Carlos Perez Shuma, who took me under his wing, often explained my
presence to his companions by saying,
"He has come to live with us
for two years because he wants to tell the people in his country how
we work."
These people had always been told by missionaries,
colonists, and governmental agronomists that they knew nothing - and
that their so-called ignorance even justified the confiscation of
their lands.
So they were not displeased at the idea of
demonstrating their knowledge. This is the license on the basis of
which I wrote this book.
All the Ashaninca I met wanted to participate in the world market,
if only to acquire the commodities that make life easier in the
rainforest, such as machetes, axes, knives, cooking pots,
flashlights, batteries, and kerosene. They also needed money to meet
the minimal requirements of "civilization," namely clothes,
school-books, pens and paper, and everyone dreamed of owning a radio
or a tape recorder.
Beyond money and commodities, the indigenous people of the Amazon
aspire to survival in a world that has considered diem, until
recently, as little more than Stone Age savages. Now they all demand
the demarcation and titling of their territories, as well as the
means to educate their children in their own terms.
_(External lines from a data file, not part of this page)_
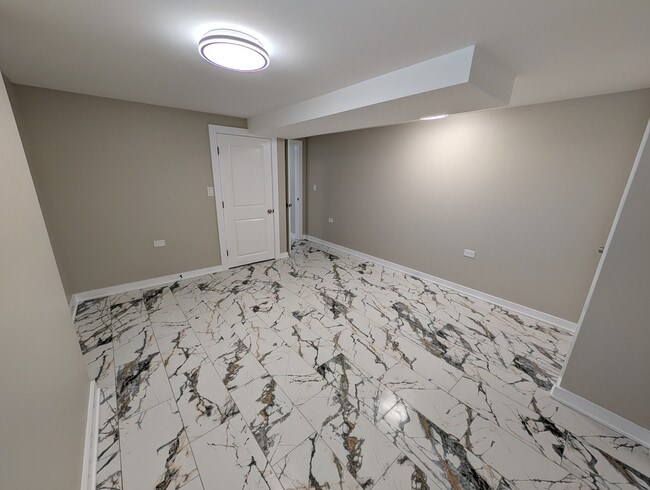 Building Photo - 41 W 14th Pl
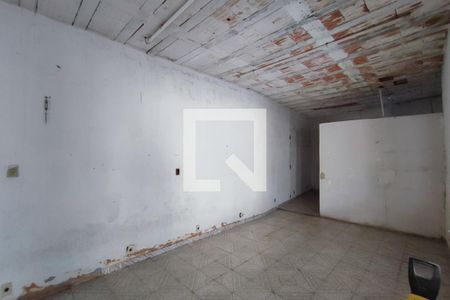 Casa à venda com 120m², 3 quartos e 3 vagasBarracão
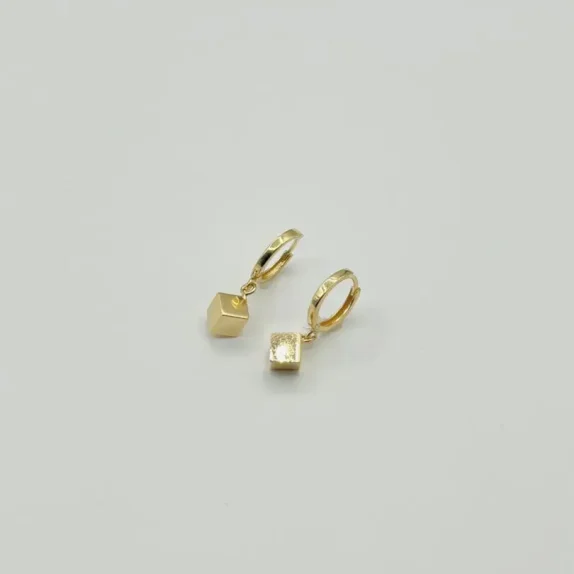 گوشواره آویز مکعب - 977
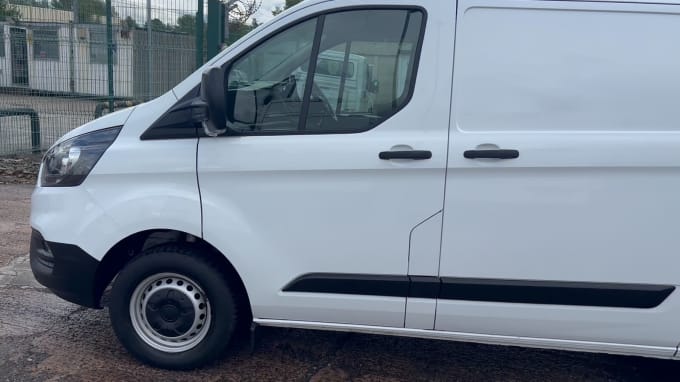 2025 Ford Transit Custom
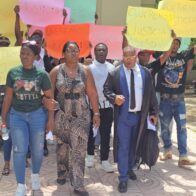 Family members of young man murdered in La Romana demand justice in front of the Palace of Justice | De Último Minuto English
Western institutions seem finally to have understood, at least in
principle, the importance of recognizing indigenous
territories - though much remains to be done in practice on this
count.
However, the indigenous claim to bilingual and intercultural
education has yet to be heard, even though it would seem to be a
prerequisite to the establishment of a truly rational dialogue with
these people.
After all, the word "rational" comes from the Latin
ratio, "calculation."
How can one establish the "equitable"
compensation of indigenous knowledge if the majority of indigenous
people do not understand the basics of accounting and money
management and require training in arithmetic?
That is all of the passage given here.